Celebrating 125 Years of Publishing
Celebrating 125 Years of Publishing
Assessments of the costs of war generally focus on the financial, political, military, and territorial risks associated with involvement in violent conflict. Often overlooked are the human costs of war, particularly their effects on population well-being. In War and the Health of Nations, Zaryab Iqbal explores these human costs by offering the first large-scale empirical study of the relationship between armed conflict and population health. Working within the influential "human security" paradigm—which emphasizes the security of populations rather than states as the central object of global security—Iqbal analyzes the direct and indirect mechanisms through which violent conflict degrades population health. In addition to battlefield casualties, these include war's detrimental economic effects, its role in the creation of refugees and forced migration, and the destruction of societies' infrastructure. In doing so, she provides a comprehensive picture of the processes through which war and violent conflict affect public health and the well-being of societies in a cross-national context.
War and the Health of Nations provides a conceptual and theoretical framework for understanding the influence of violent interstate and intrastate conflict on the quality of life of populations and empirically analyzes the war-and-health relationship through statistical models using a universal sample of states. The analyses provide strong evidence for the direct as well as the indirect effects of war on public health and offer important insights into key socio-economic determinants of health achievement.
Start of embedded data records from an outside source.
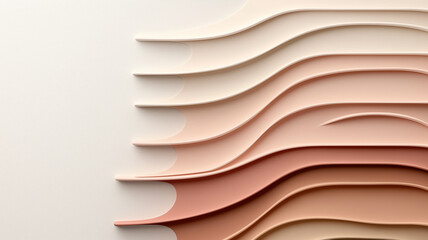 Abstract background with overlapping layers of soft pastel colors creating flowing wave pattern. design features smooth curves and harmonious blend of beige, peach, and cream tones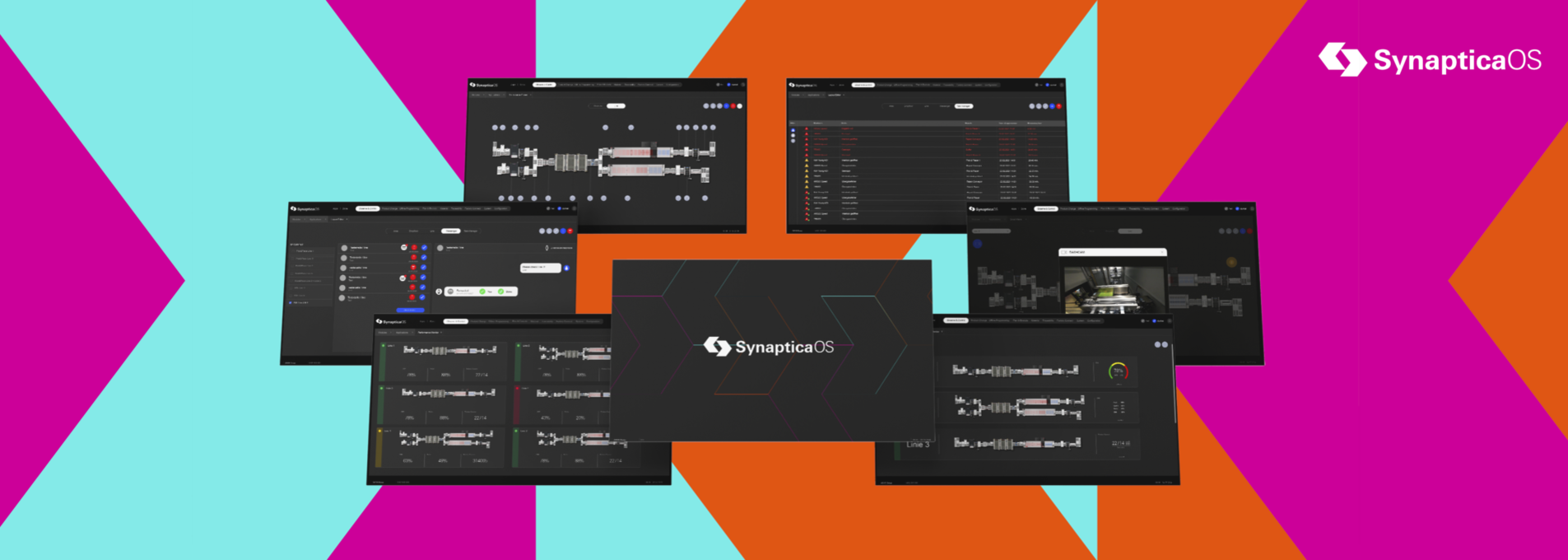 Multiple screens on a colorful background.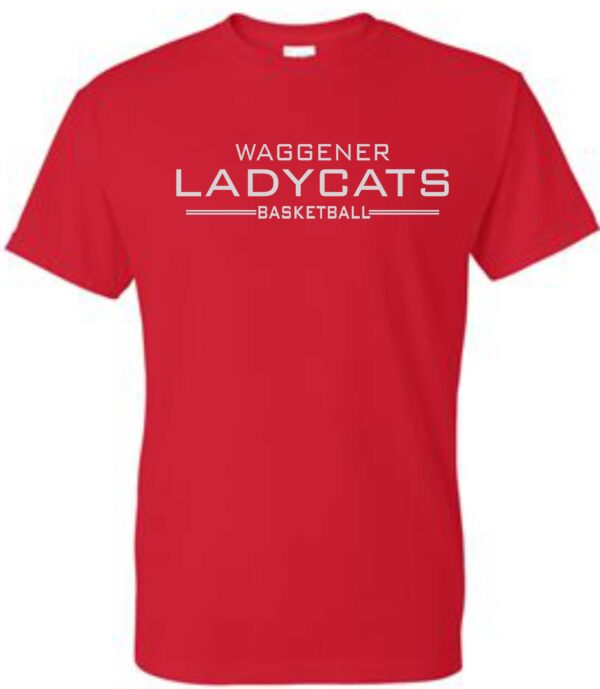 Red t-shirt with Waggener Ladycats basketball logo.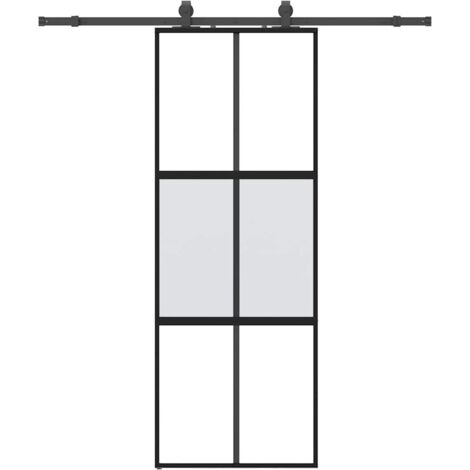 Porte coulissante kit quincaillerie noir 76x205 cm verre trempé vidaXL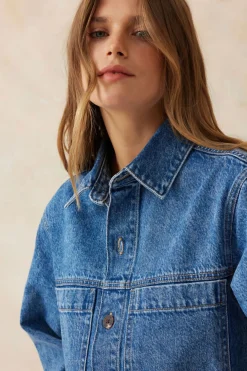Hot Ceres Life Half Sleeve Boxy Shirt Dress - Fresh Indigo Denim
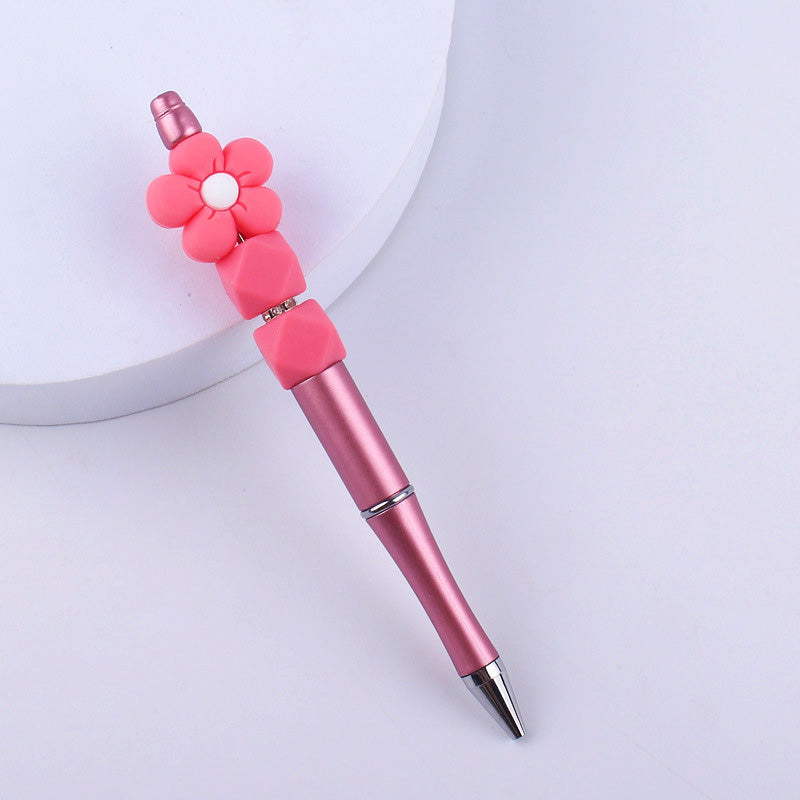 Beadable Pens Handmade Flower Silicone Beaded Ballpoint Pen GuangTian004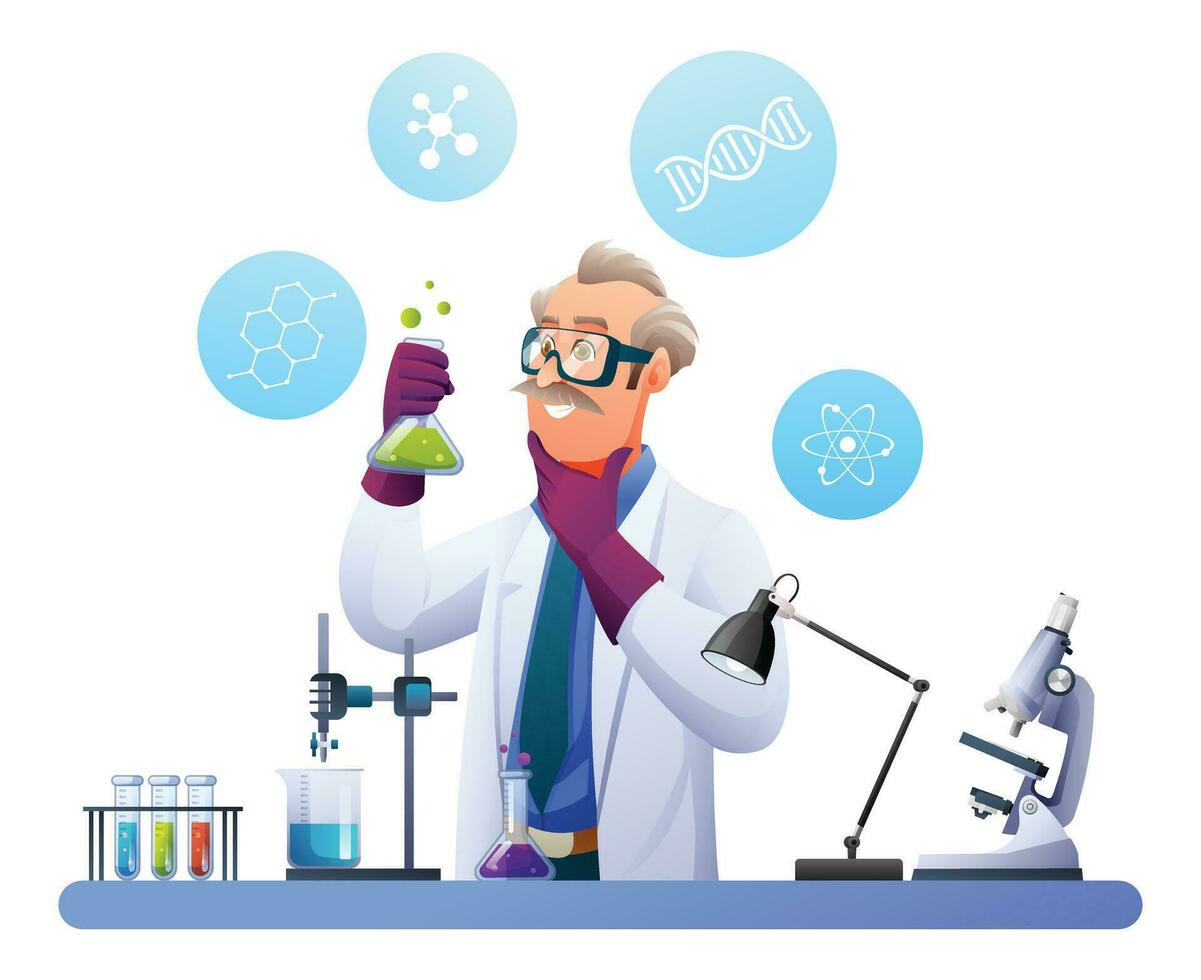 scienziato professoressa conduzione esperimenti nel scienza laboratorio. scientifico ricerca concetto. vettore cartone animato illustrazione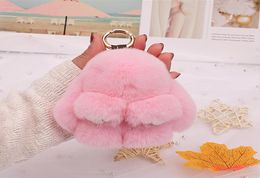 10cm Real Genuine Rex Rabbit Fur Bunny Bag Charm Keyring Phone Purse Handbag Pendant Gift9749144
The book thus demonstrates the significance of population health as an important consequence of armed conflict and highlights the role of societal vulnerabilities in studies of global security.
About the author
Zaryab Iqbal is Assistant Professor of Political Science at Pennsylvania State University.
"Zaryab Iqbal provides ample empirical data to illustrate these facts and to elucidate the mechanisms by which armed conflicts affect the health of individuals."
—John L. Zeller, Journal of the American Medical Association
"War and the Health of Nations makes an important contribution to the literature on human security, a concept that has a great deal of appeal but lacks strong empirical underpinnings. This work helps fill that gap by examining the links between health and violent conflict - or between 'freedom from want' and 'freedom from fear'."
—Sakiko Fukuda-Parr, Professor of International Affairs,The New School
"For far too long we have known far too little about the aftereffects of political violence. To date, researchers have been justifiably focused on the determinants and dynamics of large-scale conflict. Zaryab Iqbal helps inaugurate a new focus regarding the outcomes of conflict (broadly conceived) on health (also broadly conceived). War and the Health of Nations immediately contributes to our understanding of the topic as well as maps out a new direction for conflict studies, both theoretically as well as empirically. This book addresses one of the most crucial issues confronted by our age in a manner befitting the topic involved—seriously, rigorously, and elegantly."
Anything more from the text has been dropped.